** What you need to do **
Starting with the line below that holds "Жилет женский без" and stopping after the line that holds "Womens Nike Zoom", transcribe the lines exactly, leaving out all pictures.

** Records shown **

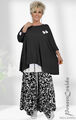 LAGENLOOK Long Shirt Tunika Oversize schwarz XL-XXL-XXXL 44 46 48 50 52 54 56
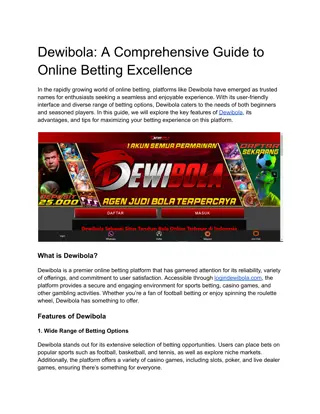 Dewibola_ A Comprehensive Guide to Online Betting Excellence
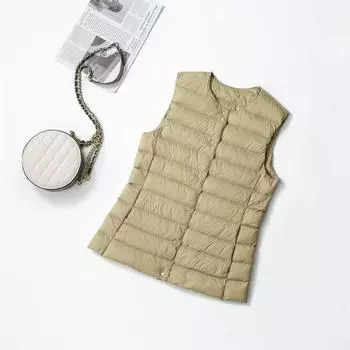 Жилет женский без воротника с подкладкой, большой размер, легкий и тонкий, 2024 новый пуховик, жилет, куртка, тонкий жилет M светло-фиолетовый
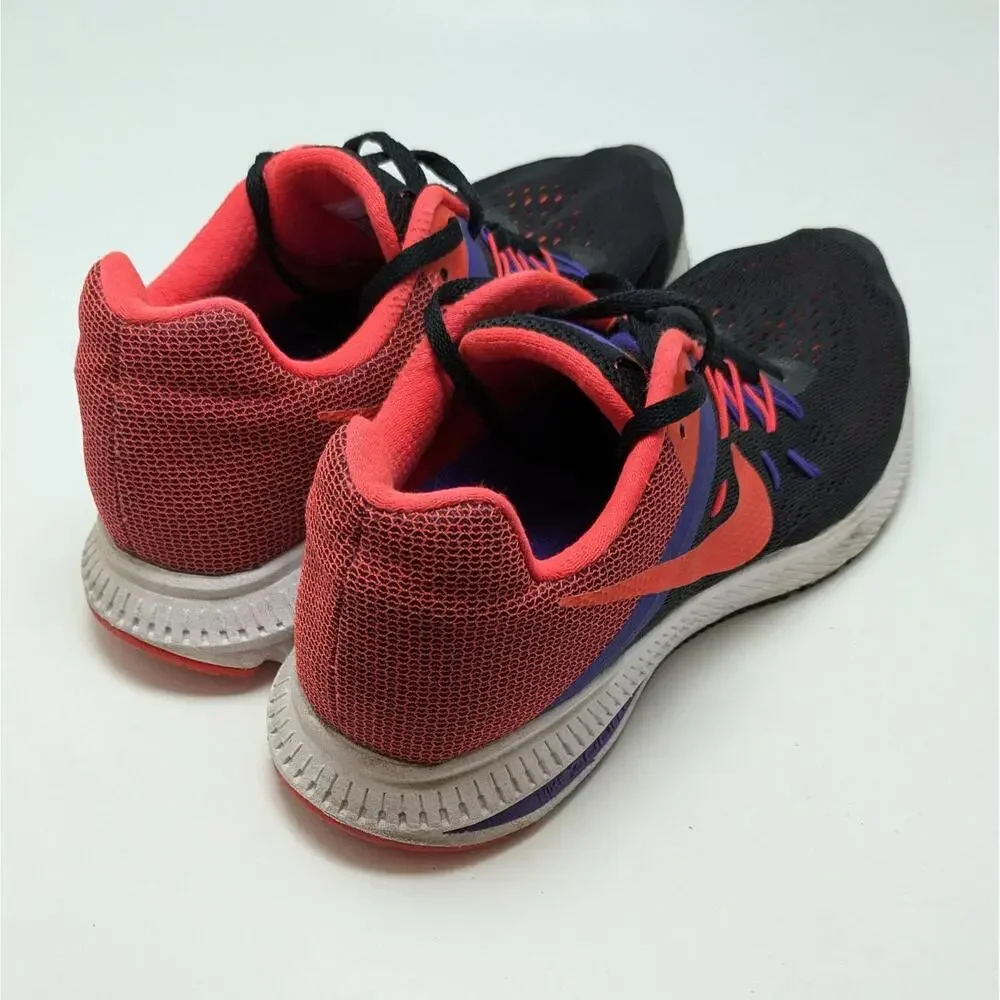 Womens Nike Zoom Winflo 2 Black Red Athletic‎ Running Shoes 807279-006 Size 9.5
...
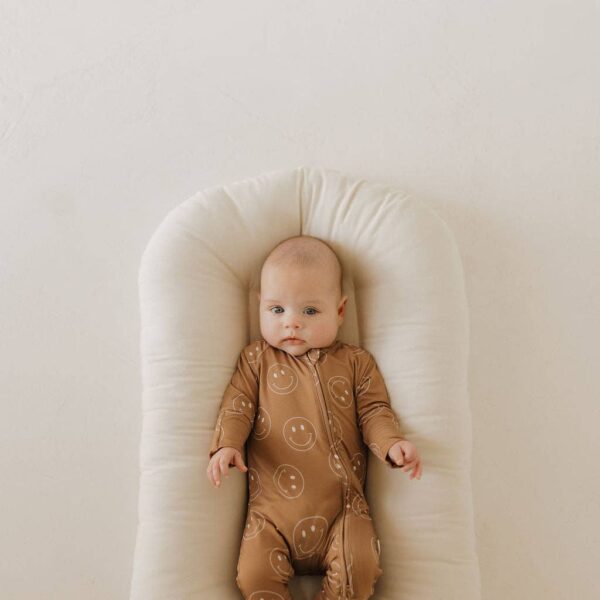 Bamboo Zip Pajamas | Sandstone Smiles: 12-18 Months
* * *
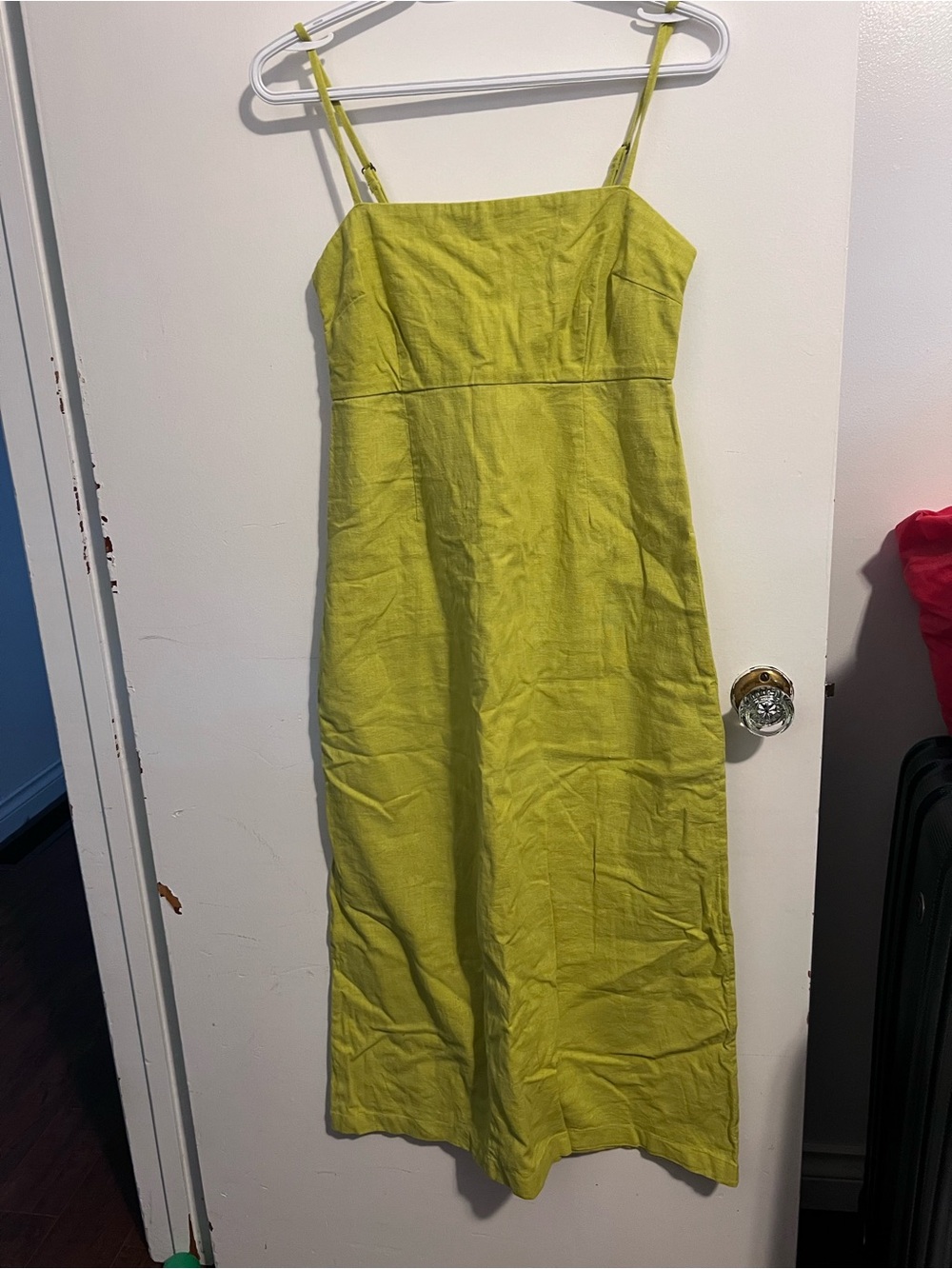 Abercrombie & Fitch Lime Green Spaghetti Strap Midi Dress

** Answer space **
 Жилет женский без воротника с подкладкой, большой размер, легкий и тонкий, 2024 новый пуховик, жилет, куртка, тонкий жилет M светло-фиолетовый
 Womens Nike Zoom Winflo 2 Black Red Athletic‎ Running Shoes 807279-006 Size 9.5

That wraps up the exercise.